Investire in sanità per aumentare l’occupazione femminile

Come? Sabbadini cita tre leve: investimenti in sanità e assistenza sociale, asili nido e congedi. Sul primo fronte prende a riferimento il confronto tra Italia e Germania nel rapporto tra occupati e popolazione: «Se mantenessimo quel livello arriveremmo a 1,7 milioni di occupati in più. E se investissimo in sanità avremmo un ingresso massiccio di donne, che sono già quasi il 70% del settore. In sintesi: investire in ambiti vitali per la qualità della vita, e il Covid ha messo in luce quanto siano rilevanti, diventa indirettamente un investimento in forte crescita di occupazione femminile». Finora l’Italia ha fatto il contrario: «O non si è investito o si è diminuito il personale. Rispetto alla Germania abbiamo meno della metà degli infermieri».

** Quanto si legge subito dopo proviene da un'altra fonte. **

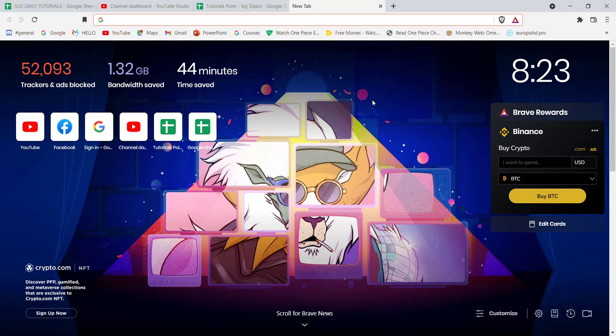First of all, make sure that you're connected to the internet. Once you've made sure that you're connected, open up a web browser.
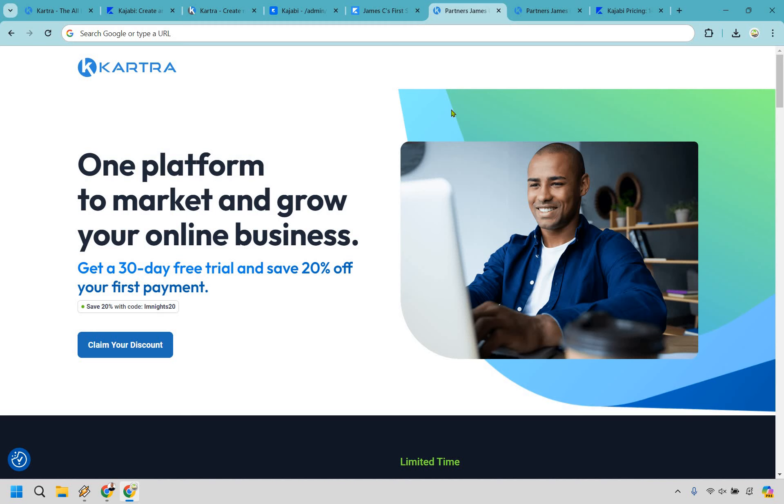So that's my comparison when it comes to Kartra versus Kajabi. Don't get me wrong, both of these platforms are fantastic, especially when it comes to courses and scaling and building an online business. But Kartra definitely has the edge there. My name is James. Thank you so much for watching and I will see you in my next video.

Asili e congedi difendono il lavoro delle donne

Se la destinazione strategica e mirata degli investimenti – un messaggio in vista dei fondi che arriveranno dall’Ue – è il motore per creare posti di lavoro per le donne, asili e congedi sono gli strumenti indispensabili per mantenerli. «Arrivare in tre anni al 60% dei bambini coperti dai nidi, oggi che viaggiamo su punte vicine al 30% al Nord e con aree del Sud dove non tocchiamo neanche il 10%, porterebbe 100mila posti, al 95% femminili , e innescherebbe un effetto positivo di condivisione e percorsi virtuosi di eliminazioni delle interruzioni dei rapporti di lavoro». Allo stesso modo, i congedi parentali, secondo Sabbadini, vanno potenziati in termini di indennizzo, e quelli di paternità anche in termini di giorni: «Sarebbe importante che una parte, magari aggiuntiva ai 10 giorni, sia usata dai padri non in sovrapposizione al congedo maternità».

La battaglia culturale

Ma c’è un altro aspetto che deve correre di pari passo con gli altri. Lo ha ricordato Camussi: «Il cambiamento sociale si accompagna sempre a una dimensione culturale. Gli stereotipi di genere sono un metodo di funzionamento del nostro sistema cognitivo, che ha bisogno di semplificare le informazioni. Non possiamo eliminarli, ma possiamo aumentare il livello di consapevolezza della rappresentazione stereotipata». Per la professoressa, ridurre la stereotipia è cruciale per avvicinare le bambine alle materie Stem e per avvicinare i bambini alle attività di cura di sé, degli altri e dell’ambiente. «Nessuno scambio o sostituzione dei ruoli di genere, ma una integrazione e un allargamento delle possibilità di definizione di sé». Parità è anche questo.